Many spammers have found ways to profit from sending unsolicited e-mail without selling a single product, using a range of tactics from simple banner ads to outright deception and identity theft.

It has long been thought that spammers made money only because people bought the products advertised in e-mails, like pornography or weight-loss plans. Now antispam advocates are warning consumers against even replying to spam or going to sites advertised in e-mail, because it could put more money in spammers’ pockets.

“I really don’t believe [spam] is about selling things,” said Joe St. Sauver, a director at the Computing Center at the University of Oregon, who has worked with the state attorney general to craft antispam legislation. “It’d be nice if that were true, but that’s not the case anymore.”

Online industry observers say many spammers make money as long as people visit their Web sites. In such cases, spammers get revenue from banner advertisements displayed on those sites. Web site operators receive a fee from the advertiser for every user that visits the site, and often use unsolicited e-mail ads to attract Web users there. The recipient of the e-mail does not need to register at the site or pay any money.

Some spammers also use banner ads on Web sites designed to allow people to opt out of future e-mails. For instance, a spammer may include in an e-mail a link titled “Click Here to Opt Out of Future E-mails.” But most often the opt-out requests are not honored and spammers simply lure e-mail recipients there to collect banner ad revenue, Mr. St. Sauver and others said.
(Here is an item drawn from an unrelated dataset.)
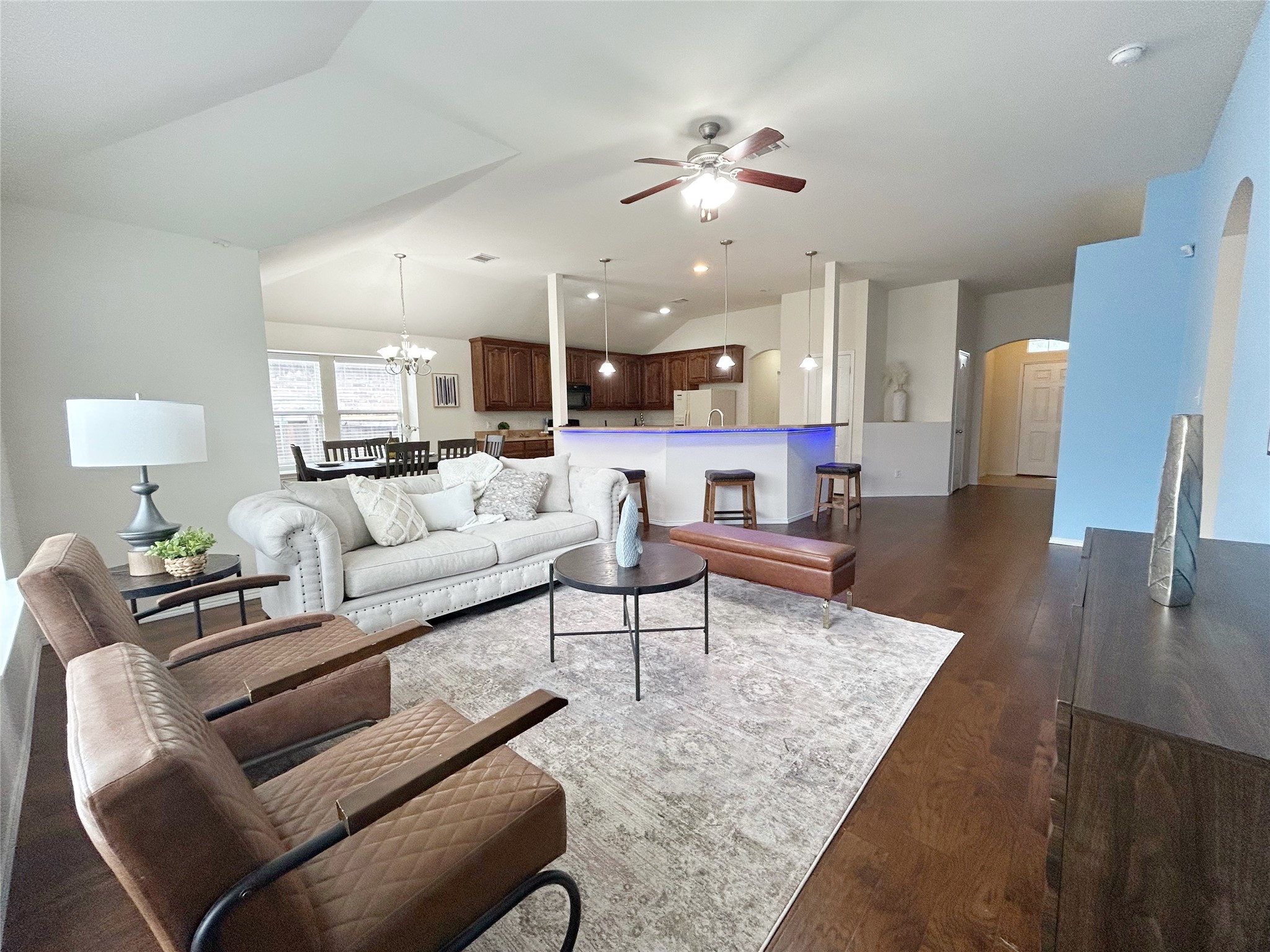 2041 Matador Ranch Road , Fort Worth, TX, 76134 | 20930953 | Realty Texas LLC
Spam is generally considered any unsolicited commercial e-mail. Most of it is either deceptive, pornographic, or both, and costs businesses billions of dollars a year in services and lost productivity.

Other ways spammers have profited from spam without selling any products include:

• Offering e-mail recipients “free pornography” if they download a software program. The program often provides the pornography, but only after the user’s computer dials a 1-900 number to an overseas location, racking up hundreds of dollars in phone charges.

• “Pump and dump” stock schemes, in which a spammer sends e-mails touting a certain stock and encourages people to buy it. The stock’s value goes up, and spammers sell it at a profit.

• Accepting payment for an item without sending it. Spammers bet that someone buying Viagra or pills for the enlargement of body parts would be too embarrassed to call the police or Better Business Bureau.

It is not clear how much spammers profit from these tactics, but it is likely only a fraction of the millions of dollars they pull in each year, antispam advocates said.

Some observers of spam trends downplayed the severity of these tactics.

“We don’t really think that’s significant, to tell you the truth,” said Sara Radicati, president of the Radicati Group, a consulting and research firm that tracks e-mail trends. “I doubt that spammers really get much money for it.”

More troublesome, Ms. Radicati said, are the spammers who hijack consumers’ identities using e-mail and phony Web sites in a effort to make money.

The Federal Trade Commission and the FBI in July issued a warning to consumers to look out for “phisher” sites, which are made to look like an official Web site from a company requesting personal information.

Typically, an e-mail user receives a message with a link to such a site, where he is asked to enter credit-card, social security and personal identification numbers. The FTC and FBI said that incidents with “phisher” sites are increasing, and that they settled a case with a teenager in Los Angeles who had gone on a shopping spree using stolen information.